A useful way to define `poly3_type` is:

typedef class polynomial<double> poly1_type; typedef class polynomial<poly1_type> poly2_type; typedef class polynomial<poly2_type> poly3_type;

We can write

variable_list<char> vars3("xyz"); poly3_type p(vars3), q(vars3); p.read("5-3x^2y^4+x^3z^3"); std::cin >> q; std::cout << "p has " << p.number_terms() << "terms.\n"; std::cout << "p+q=" << p + q << '\n';

Note that the caret (^) means exponentiation, so y^3 means
y*y*y. The role of `class variable_list`
will be explained below.

This approach works well, but there are a few problems to overcome. First, suppose we want our polynomial class to have a method that returns the number of terms. In our example polynomial there are three terms. This is easy to compute - just sum the number of terms in each coefficient:

template <typename C> int polynomial<C>::number_terms() const { int count = 0; for (const_iterator it(begin()); it != end(); ++it) count += it->coefficient().number_terms(); return count; }

Here, the method `coefficient()`
returns a `const` reference to the second
element of a pair in our container. The problem is that this code
will not compile. Note that the call to `number_terms()` inside the `for` loop is not a true recursive call. For example,
if we call this method for a polynomial of type `poly3_type`, then `it
>coefficient()` has type `poly2_type`
and so we are calling `poly2_type::number_terms`, which in turn calls
`poly1_type::number_terms`. It is this
last call that causes the problem, since now `it
>coefficient()` has type `double`, and
type `double` has no method named `number_terms`.

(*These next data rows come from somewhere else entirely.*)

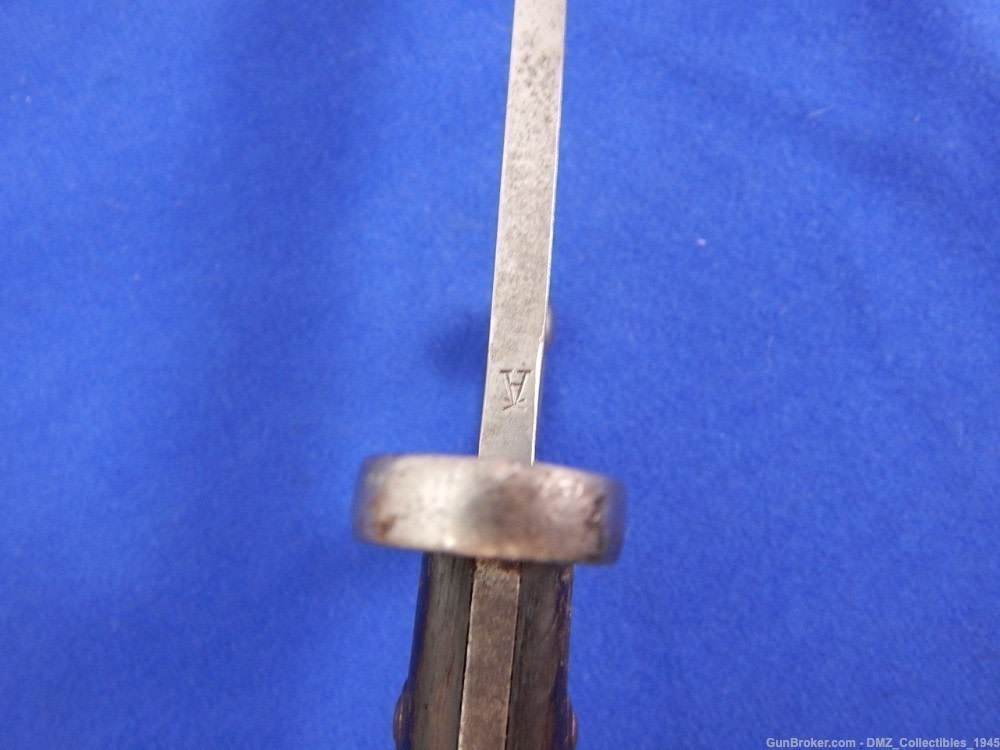 WW1 WWI Argentine Rifle Bayonet with Scabbard-img-5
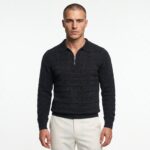 Pullover - 8341 - black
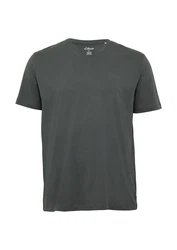 s.Oliver T-Shirt Dunkelgrau/Grau/Hellgrau/Dunkelgrün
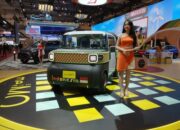 Unik dengan Konsep Fun dan Stylish, Mobil Listrik Daihatsu me:MO Curi Perhatian di GIIAS 2024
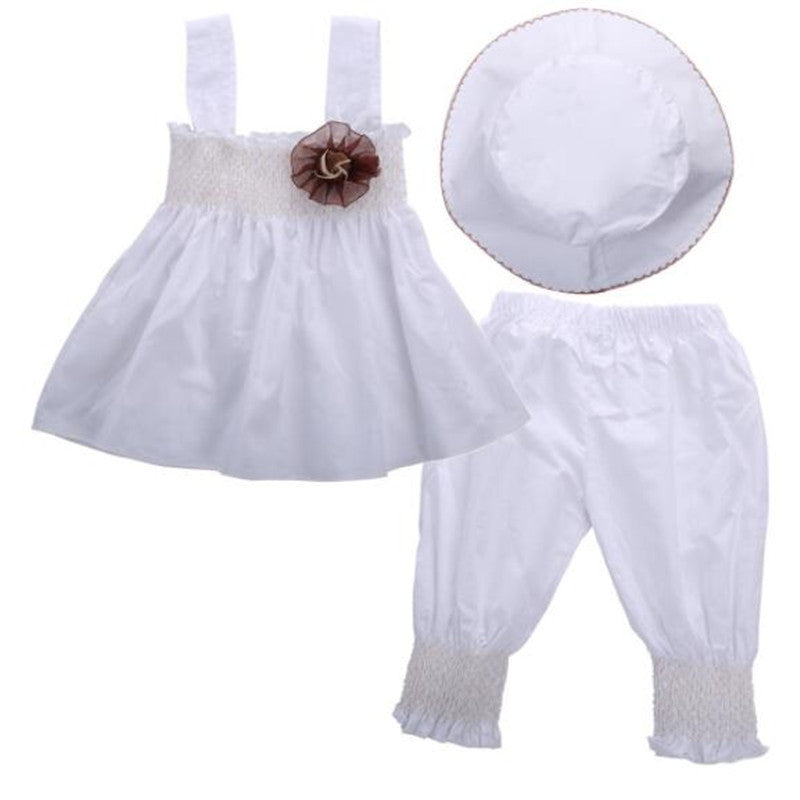 Tenue d'été princesse bébé fille 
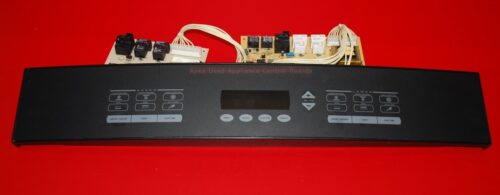 Part # 13292A, 82381, 82994, 62439 Dacor Oven Control Panel And Control Boards (used, overlay good - Black)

There are at least three ways to deal with this problem. First, we could use partial specialization to handle the end case. Having defined

template <typename C> class polynomial;

we can now define, for example,

template <> class polynomial<double>;

But this requires specializing class polynomial for each possible numerical type, for example,

template <> class polynomial<std::complex<double> >;

A better way is to turn this approach on its head and define the partial specialization for the case where the coefficients are themselves polynomials:

template <typename C> class polynomial<polynomial<C> > { . . . };

With this approach, we have

template <typename C> class polynomial { //Coefficients are numeric public: int number_terms() const { int count = 0; for (const_iterator it(begin()); it != end(); ++it) if (it->coefficient() != 0) ++count; return count; } //other methods . . . }

and the partial specialization

template <typename C> class polynomial<polynomial<C> > { //Coefficients are polynomials public: int number_terms() const {int count = 0; for (const_iterator it(begin()); it != end(); ++it) count += it->coefficient().number_terms(); return count; } //other methods . . . }

The objection to this approach is that we must repeat all of the code in the definition of the class and in its partial specialization, even if the code is identical. A variant on this approach is to use a traits class [Alexandrescu-]. We define (for numeric coefficients)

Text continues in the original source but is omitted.